The AUD/JPY cross has gained strong positive traction for the fourth consecutive day, continuing its uptrend to new all-time highs during the Asian session on Wednesday. Spot prices currently hover around mid-113.00s, marking a 0.90% gain on the day, as investor sentiment remains firmly bullish.
Market participants attribute the rally to a combination of RBA rate hike expectations, weak JPY pressures, and macro-economic factors, which have collectively fueled momentum in the pair. The following article contains a thorough overview of this topic from the brokers at Byronixel.
Australian Dollar Strength Supported by RBA Rate Hike Bets
The Australian Dollar (AUD) has emerged as a market outperformer, driven primarily by the increasing speculation that the Reserve Bank of Australia (RBA) will raise interest rates as soon as next week. Investors are pricing in the likelihood of a monetary policy tightening, which has strengthened the AUD/JPY cross.
RBA Deputy Governor Andrew Hauser remarked on Tuesday that there will be a genuine debate at the upcoming policy meeting regarding whether to raise rates, citing concerns about potential inflationary pressures stemming from global tensions and supply shocks. This hawkish tone has reinforced the market’s belief in a near-term rate hike, supporting strong buying interest in AUD positions against the Japanese Yen (JPY).
Technically, the AUD/JPY chart reflects a sustained bullish momentum, with each daily close above 113.00 suggesting the potential for further upside expansion. Momentum indicators are currently signaling overbought conditions, but market participants remain confident that fundamental drivers will continue to support the uptrend.
Japanese Yen Under Pressure from Weak Economic Signals
Conversely, the Japanese Yen (JPY) is experiencing persistent weakness, weighed down by diminishing expectations of an imminent Bank of Japan (BoJ) rate hike. The JPY remains vulnerable due to surging oil prices, which pose a risk to Japan’s energy-import-dependent economy.
Rising energy costs could exacerbate inflationary pressures, creating a stagflationary environment that would complicate the BoJ’s efforts to normalize monetary policy. This scenario undermines the JPY, making it less attractive to investors, and indirectly supports the AUD/JPY cross as traders continue to favor risk-on currencies like the AUD.
The energy price shock has also heightened concerns regarding Japan’s economic growth trajectory, as higher input costs could weigh on corporate earnings and consumer spending. As a result, market participants are hesitant to hold significant JPY positions, providing further impetus for the AUD/JPY rally.

Investor Sentiment and Positioning
Investor sentiment remains decidedly risk-on, with traders increasingly favoring higher-yielding currencies such as the AUD over the traditionally safe-haven JPY. Speculative positioning in the futures and options markets reflects a growing net long AUD/JPY stance, indicating confidence in the continuation of the uptrend.

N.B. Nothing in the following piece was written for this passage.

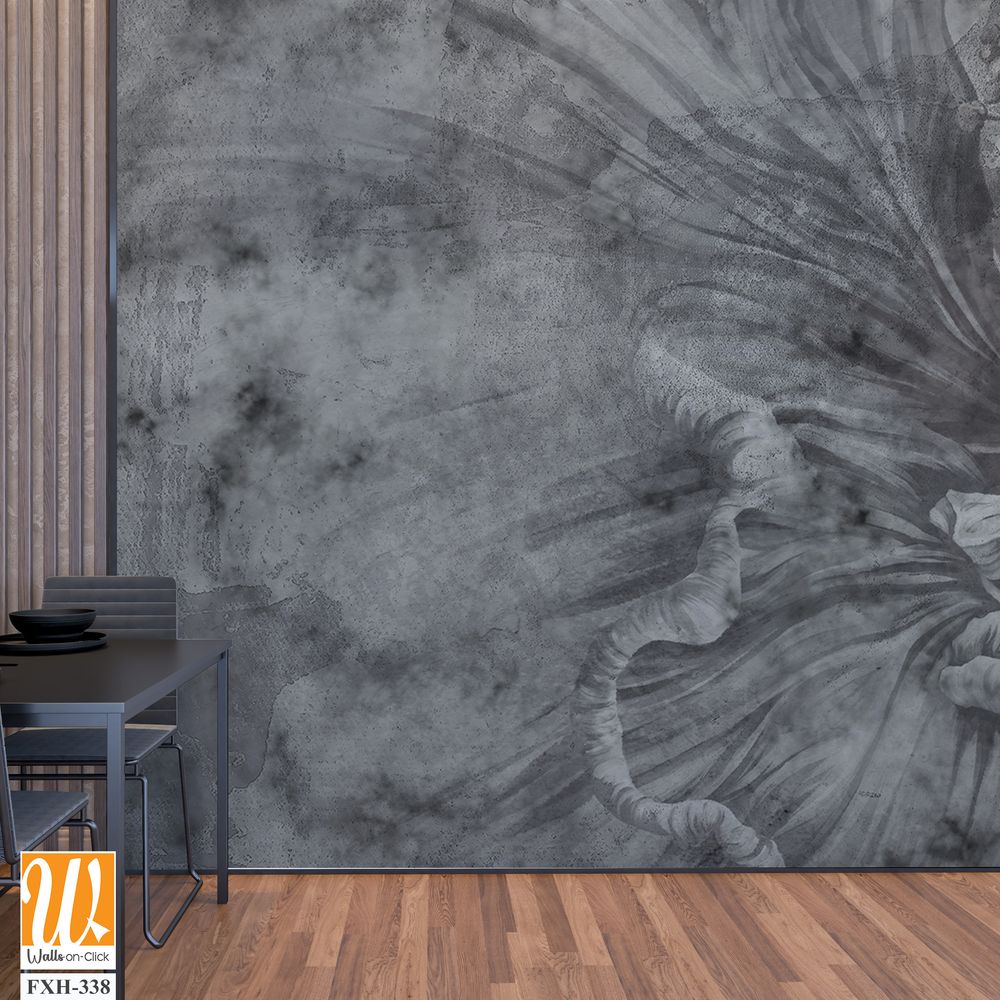 Art painted bud on a textured background in black and white colors murals in the interior [WP-FXH-338]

Additionally, the carry trade dynamic is supporting AUD demand, as investors borrow in low-yielding JPY to invest in higher-yielding Australian assets, further reinforcing the momentum in the cross.

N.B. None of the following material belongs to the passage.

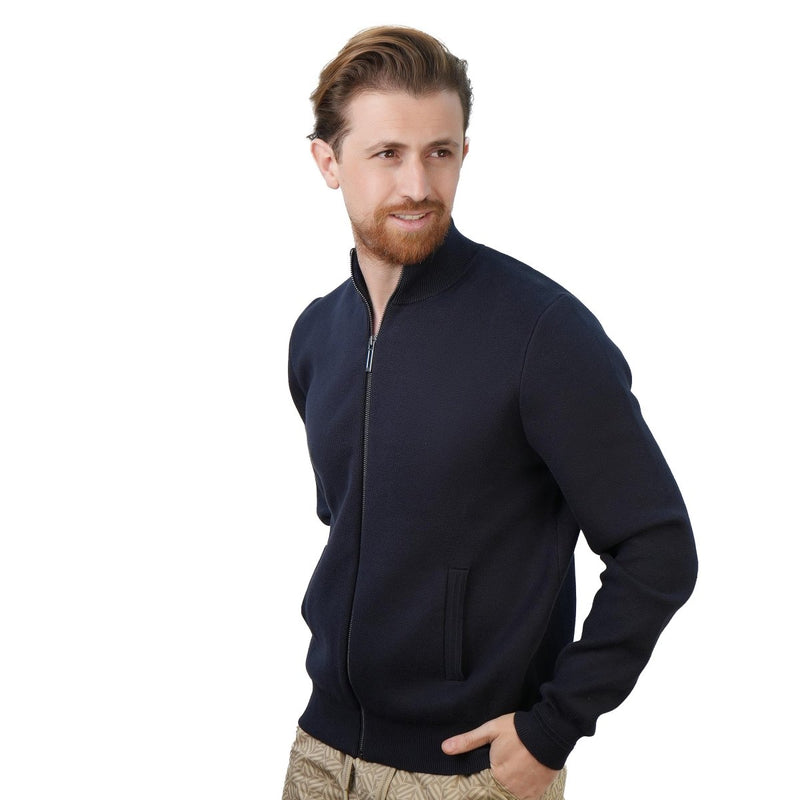 Men's Texture Stitch Mock Neck Long Sleeve Full Zipper Cardigan S - Shop Giordano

Technical Outlook and Market Dynamics
From a technical perspective, the AUD/JPY has been pushing beyond previous resistance levels, demonstrating strong bullish momentum. Key support levels are now observed near 112.50–112.70, while resistance zones are progressively moving higher above mid-113.00s.
Traders are closely monitoring short-term corrective pullbacks, which are likely to remain limited, as the fundamental backdrop continues to favor AUD strength. Any retracements could provide buying opportunities, especially ahead of the RBA policy meeting, which is expected to be a pivotal catalyst for further upside in AUD/JPY.

Additionally, speculative market positioning indicates that investors are long AUD/JPY, but some caution persists due to the possibility of intervention by Japanese authorities if the JPY’s decline accelerates. While official measures could temporarily slow the pair’s appreciation, the overall momentum is likely to sustain a bullish bias in the near term.
Macro Drivers and Inflation Considerations
Several macro factors continue to shape the AUD/JPY outlook. Apart from RBA rate hike bets and weak JPY pressures, the oil price surge has become a key driver of market sentiment. Investors are wary of the potential inflationary spillover into Japan’s economy, given its heavy reliance on imported energy.
The confluence of these factors has amplified the risk-on sentiment for AUD/JPY, attracting strong buying flows across multiple trading sessions. Analysts suggest that any near-term consolidation is unlikely to reverse the broader uptrend, as both technical momentum and fundamental drivers remain aligned.
Conclusion
The AUD/JPY cross is benefiting from a synergistic blend of monetary policy expectations, commodity-driven inflation concerns, and technical bullish momentum. While caution around JPY interventions and short-term retracements exists, the fundamental and technical outlook remains supportive of further upside potential.
As such, traders and investors are likely to continue favoring the AUD against the JPY until new market data or policy decisions alter the current trajectory.